Now it has been expanded to include a wider geographical area of farmers who suffered river flooding, including those who experienced damage due to extreme rainfall.

Defra said the Rural Payments Agency (RPA) will identify farmers who are eligible for the payment and contact them with payments expected to be made to eligible farmers this summer.

A Defra spokesperson said: "This is an exceptional, one-off intervention to respond to the exceptionally wet conditions affecting farming this winter and spring, and in the context of the agricultural transition."

The government said it is also bringing forward the second instalment of this year’s delinked payment, which will now be paid from September.

This will follow the first instalment, which is due to be paid from 1 August.

It comes after the wettest 18 months since 1836 which have left vast swathes of agricultural land saturated and, in many cases, still under water.

Many arable farmers have been unable to plant crops and have lost those that were in the ground, while livestock farmers have endured a difficult lambing season.
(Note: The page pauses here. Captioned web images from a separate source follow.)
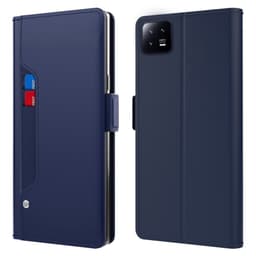 SKALO Xiaomi 13 5G Kortholder Mirror Flip Cover - Blå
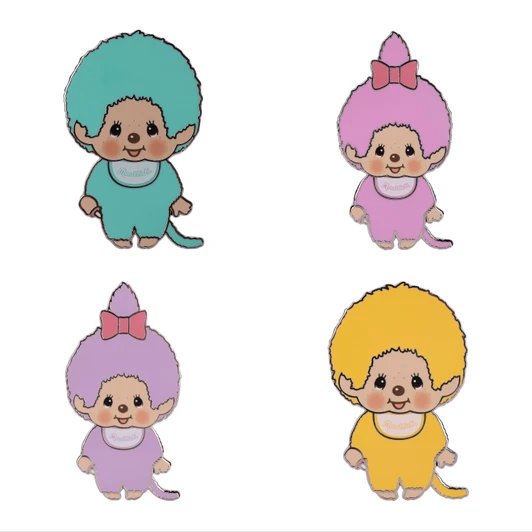 Monchhichi Enamel Pin Blind Box Set featuring four colorful kawaii collectible character pins in gift packaging at Jellybeet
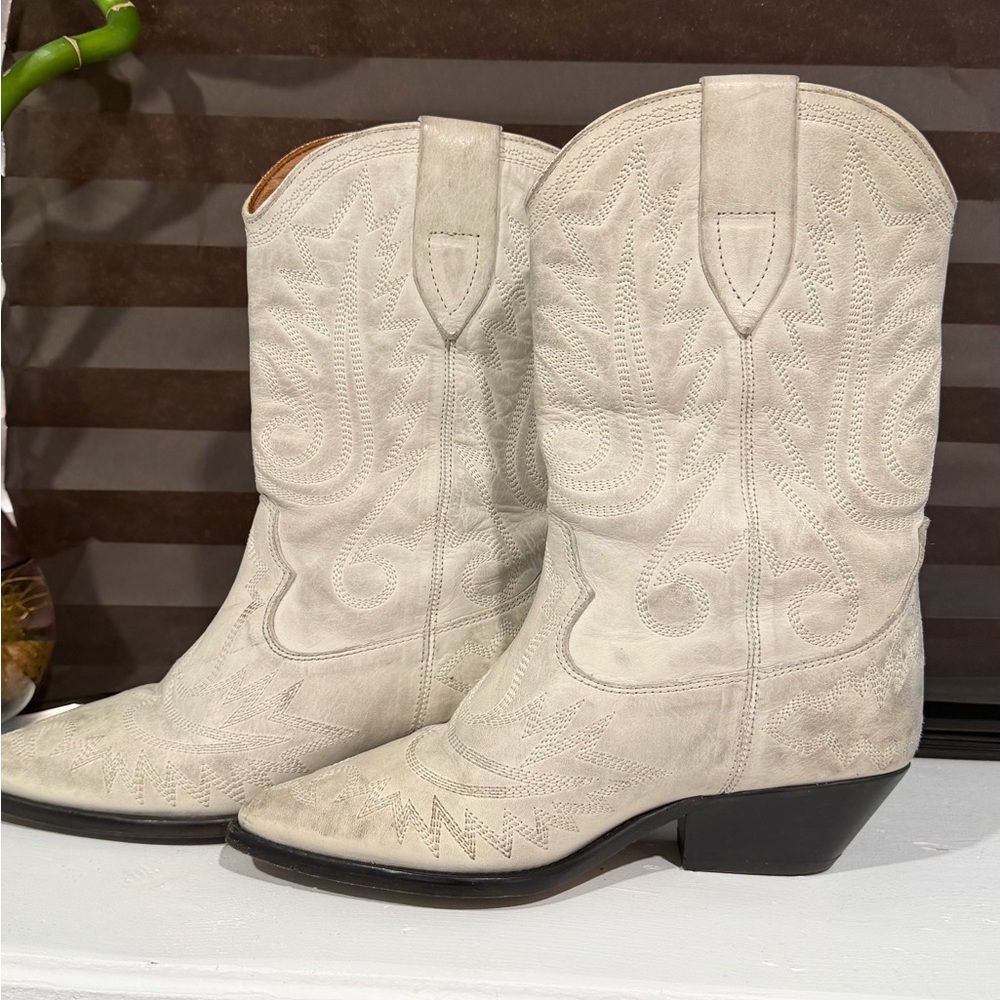 Isabel Marant White Suede Western Heeled Boots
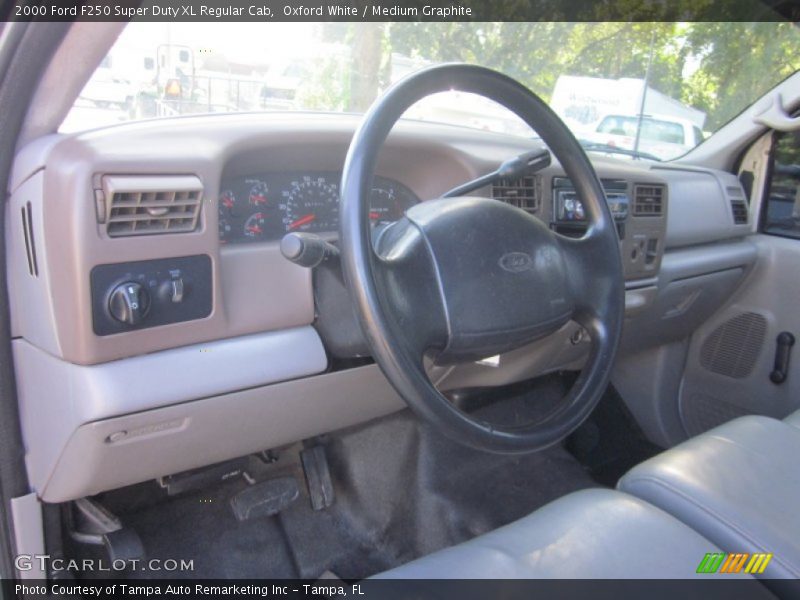 Oxford White / Medium Graphite 2000 Ford F250 Super Duty XL Regular Cab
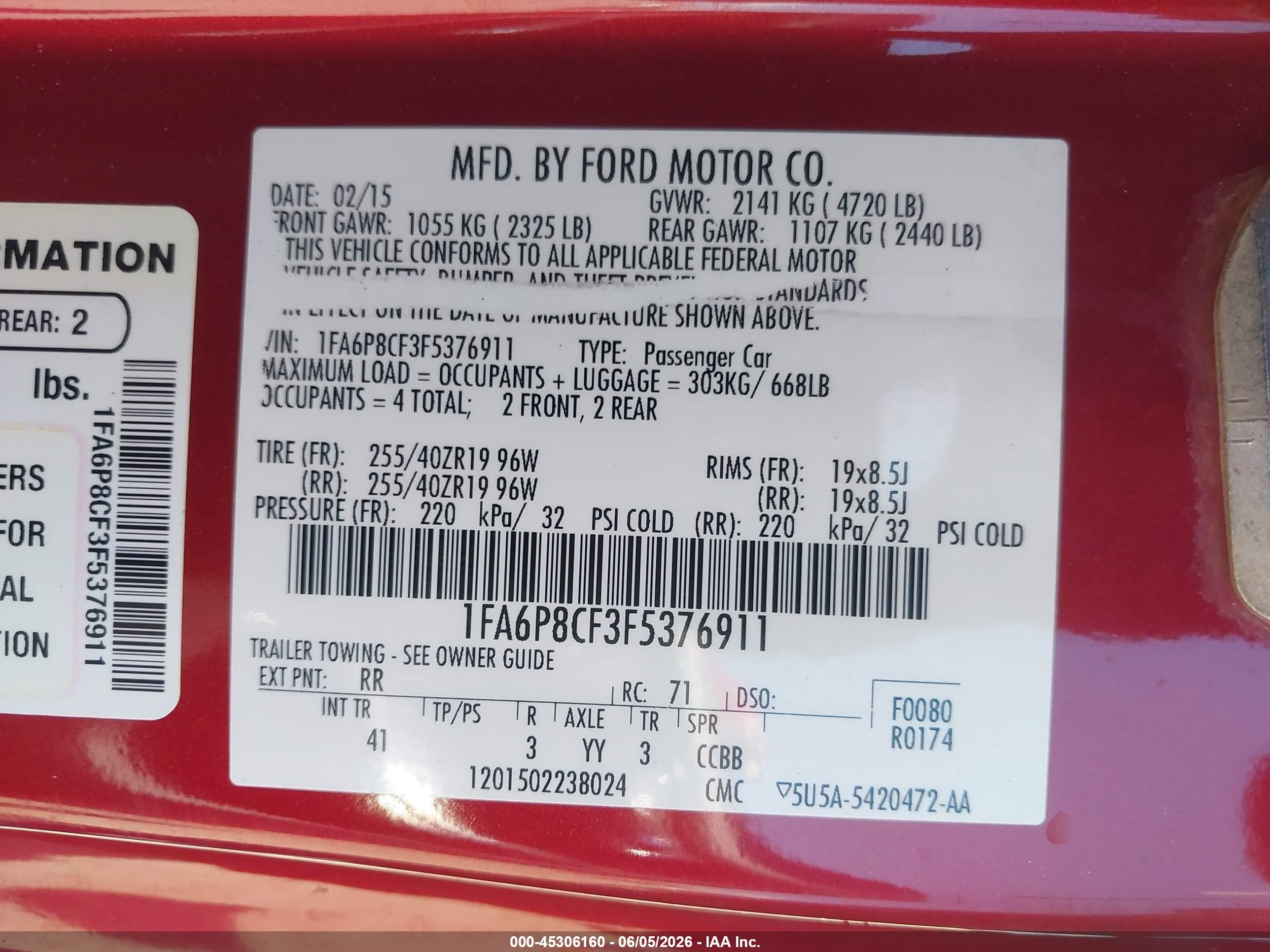 2015 Ford Mustang Gt Premium Red vin: 1FA6P8CF3F5376911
A recent survey highlighted the toll this has taken on farm business confidence, which has hit an all-time low across England and Wales.

Responding to the new support, NFU President Tom Bradshaw said it was 'really good news' that the government had listened to farmers' calls for additional financial support.

"These measures will provide some critical relief to many member businesses which have been facing a very uncertain future because of exceptional cashflow pressures.

“The measures announced today will not solve all the issues we’re facing on farm, but I am confident they will go some way to lifting some of the immediate strain on family farms.”